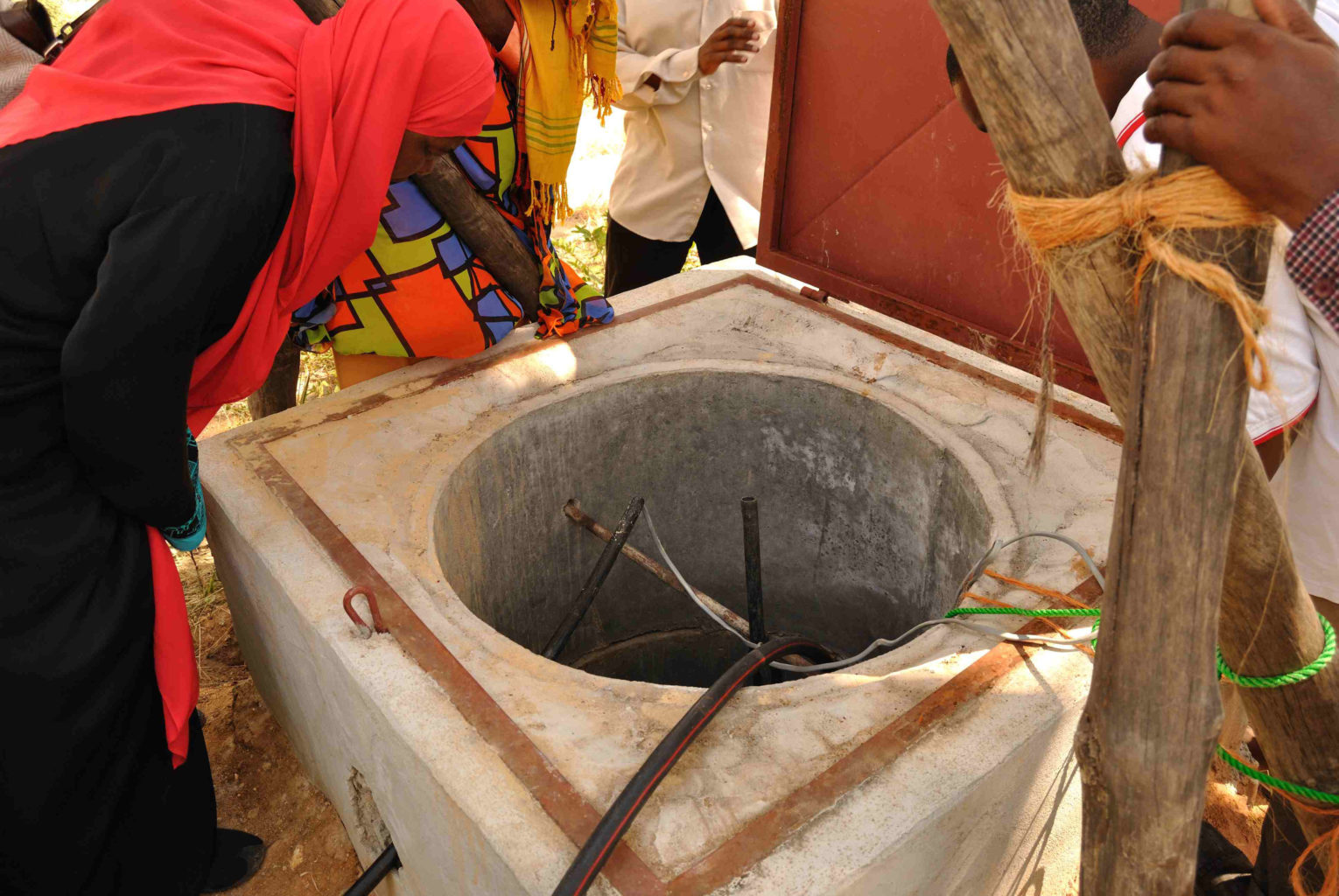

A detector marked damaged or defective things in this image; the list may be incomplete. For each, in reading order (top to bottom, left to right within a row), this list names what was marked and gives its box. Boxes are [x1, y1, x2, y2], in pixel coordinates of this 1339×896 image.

rusty metal rod [546, 495, 645, 656]
rusty metal frame on slab [219, 274, 1113, 894]
rusty metal rod [559, 503, 819, 664]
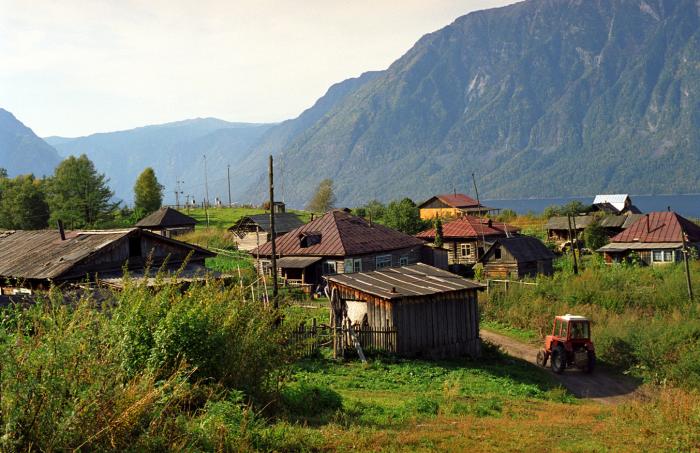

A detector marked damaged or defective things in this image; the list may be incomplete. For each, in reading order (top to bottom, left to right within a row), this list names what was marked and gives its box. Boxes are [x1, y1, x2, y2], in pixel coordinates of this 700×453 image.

rusty roof [135, 207, 196, 228]
rusty roof [253, 209, 424, 256]
rusty roof [416, 215, 520, 240]
rusty roof [608, 212, 700, 244]
rusty roof [0, 228, 213, 280]
rusty roof [326, 262, 482, 300]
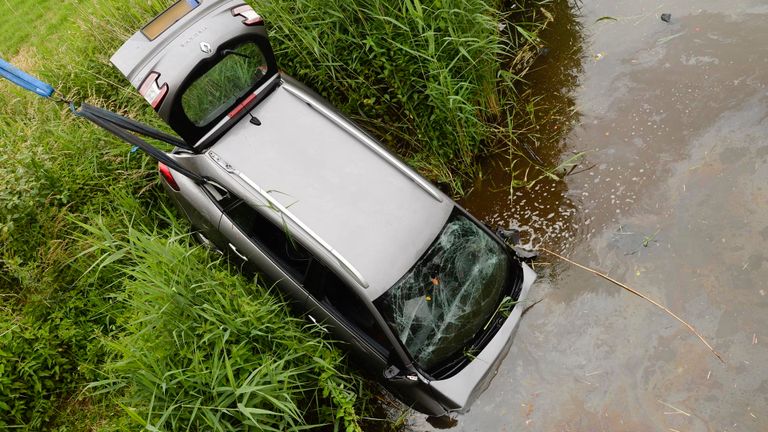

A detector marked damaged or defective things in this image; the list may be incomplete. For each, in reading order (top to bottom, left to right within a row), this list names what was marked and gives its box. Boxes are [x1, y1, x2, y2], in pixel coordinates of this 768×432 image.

shattered front windshield [374, 211, 510, 370]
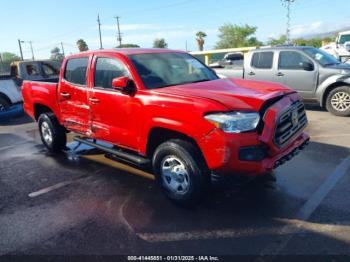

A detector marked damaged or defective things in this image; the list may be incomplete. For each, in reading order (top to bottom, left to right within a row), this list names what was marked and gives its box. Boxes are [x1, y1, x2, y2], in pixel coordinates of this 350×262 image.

damaged hood [156, 78, 296, 110]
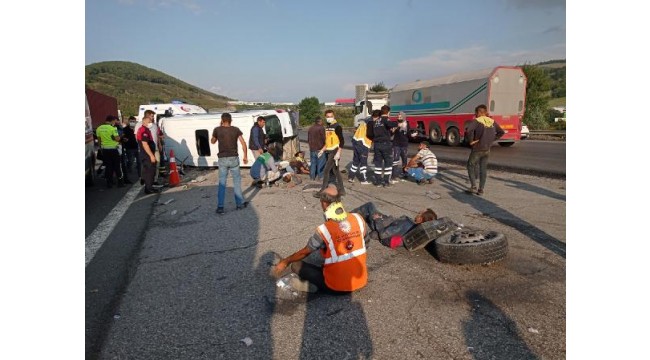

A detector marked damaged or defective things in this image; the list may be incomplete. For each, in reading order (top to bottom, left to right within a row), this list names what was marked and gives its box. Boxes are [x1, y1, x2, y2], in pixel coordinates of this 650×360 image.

detached car tire [436, 229, 506, 266]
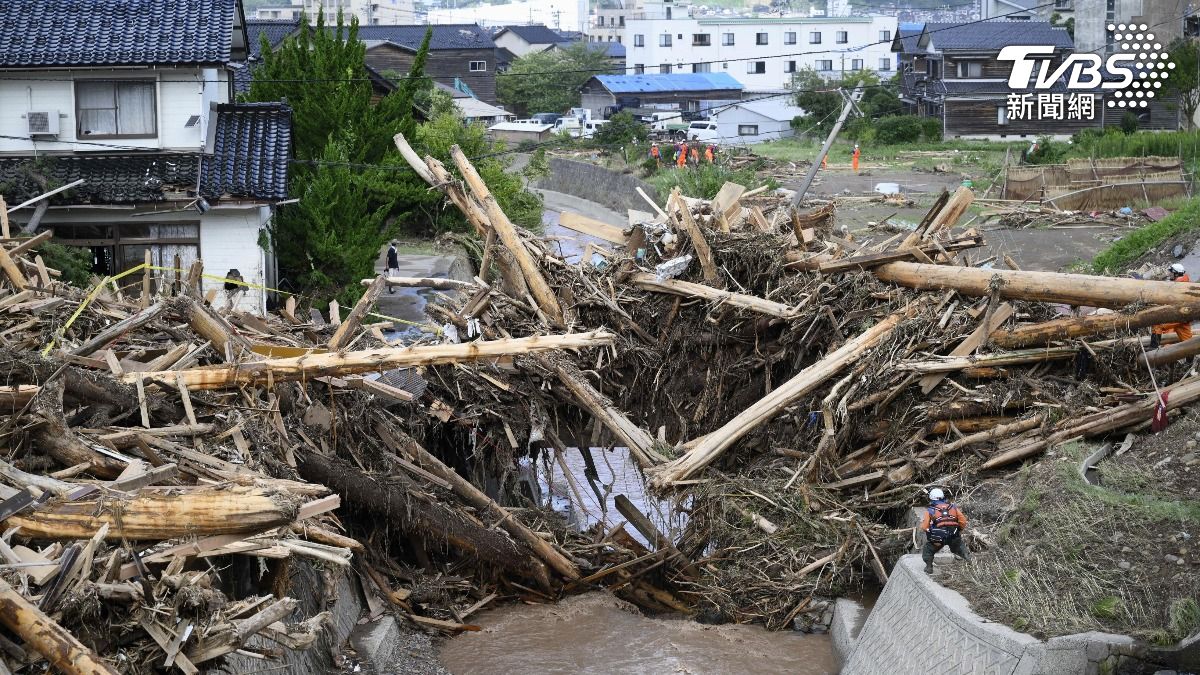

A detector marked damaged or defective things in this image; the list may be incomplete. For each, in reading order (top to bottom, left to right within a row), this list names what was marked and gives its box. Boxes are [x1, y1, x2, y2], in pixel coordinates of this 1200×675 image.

damaged house [0, 0, 292, 312]
splintered wood [2, 139, 1200, 662]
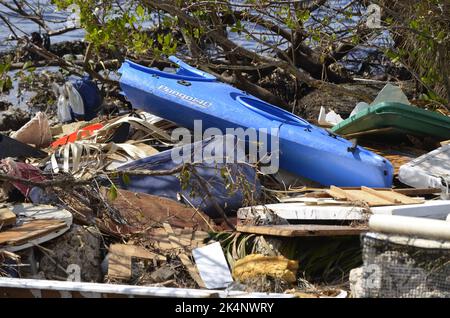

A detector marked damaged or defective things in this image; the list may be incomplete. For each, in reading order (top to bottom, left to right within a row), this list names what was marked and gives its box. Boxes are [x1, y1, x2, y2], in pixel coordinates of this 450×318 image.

splintered lumber [326, 185, 424, 207]
splintered lumber [0, 207, 16, 227]
broken wooden plank [0, 207, 16, 227]
broken wooden plank [0, 221, 66, 246]
splintered lumber [0, 220, 67, 247]
splintered lumber [107, 243, 167, 278]
splintered lumber [163, 224, 206, 288]
broken wooden plank [163, 224, 206, 288]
════
▸ **What you have to do**: Please print all of the records above exactly, omitting each picture.

▸ **Response box**:
A detector marked damaged or defective things in this image; the list may be incomplete. For each, in reading order (top to bottom, left to right within a row), this list names what was marked and gives its box. Boxes are [x1, y1, x2, y2], in pixel coordinates of this 1339×896 image.

rusty metal rod [546, 495, 645, 656]
rusty metal frame on slab [219, 274, 1113, 894]
rusty metal rod [559, 503, 819, 664]

A detector marked damaged or defective things in this image; the list may be incomplete. For each, in reading order (top to bottom, left to right within a row), this list names what was marked and gives its box. Boxes are [x1, y1, x2, y2], in pixel coordinates of this 700×453 image.

rusty roof [135, 207, 196, 228]
rusty roof [253, 209, 424, 256]
rusty roof [416, 215, 520, 240]
rusty roof [608, 212, 700, 244]
rusty roof [0, 228, 213, 280]
rusty roof [326, 262, 482, 300]

A detector marked damaged or defective things in this image; the list may be incomplete. For each, in reading order (top to bottom, left to right within a row), this list names what was marked and gives its box. Boxes are [x1, y1, x2, y2], in pixel coordinates of this 768×432 image.

shattered front windshield [374, 211, 510, 370]

A detector marked damaged or defective things in this image; the list may be incomplete. For each, in reading order (top to bottom, left to right within a row), this list names what was marked and gives its box. Boxes are [x1, y1, x2, y2], in pixel coordinates of this 350×262 image.

damaged hood [156, 78, 296, 110]

A detector marked damaged or defective things in this image; the list may be incomplete. For each, in reading order (top to bottom, left to right within a row), this list names what was marked and gives its box. Boxes are [x1, y1, x2, y2], in pixel coordinates of this 650×360 image.

detached car tire [436, 229, 506, 266]

A detector marked damaged or defective things in this image; the list may be incomplete. For each, in reading order (top to bottom, left to right within a row), this list names what was marked and gives its box. Boxes are [x1, y1, x2, y2], in pixel coordinates of this 1200×675 image.

damaged house [0, 0, 292, 312]
splintered wood [2, 139, 1200, 662]

A detector marked damaged or defective things in this image; the list may be incomplete. For each, in reading order (top to bottom, left to right within a row), this list names what was marked and gives its box. Boxes are [x1, y1, x2, y2], in pixel coordinates of this 450×318 image.

splintered lumber [326, 185, 424, 207]
splintered lumber [0, 207, 16, 227]
broken wooden plank [0, 207, 16, 227]
broken wooden plank [0, 221, 66, 246]
splintered lumber [0, 220, 67, 247]
splintered lumber [107, 243, 167, 278]
splintered lumber [163, 224, 206, 288]
broken wooden plank [163, 224, 206, 288]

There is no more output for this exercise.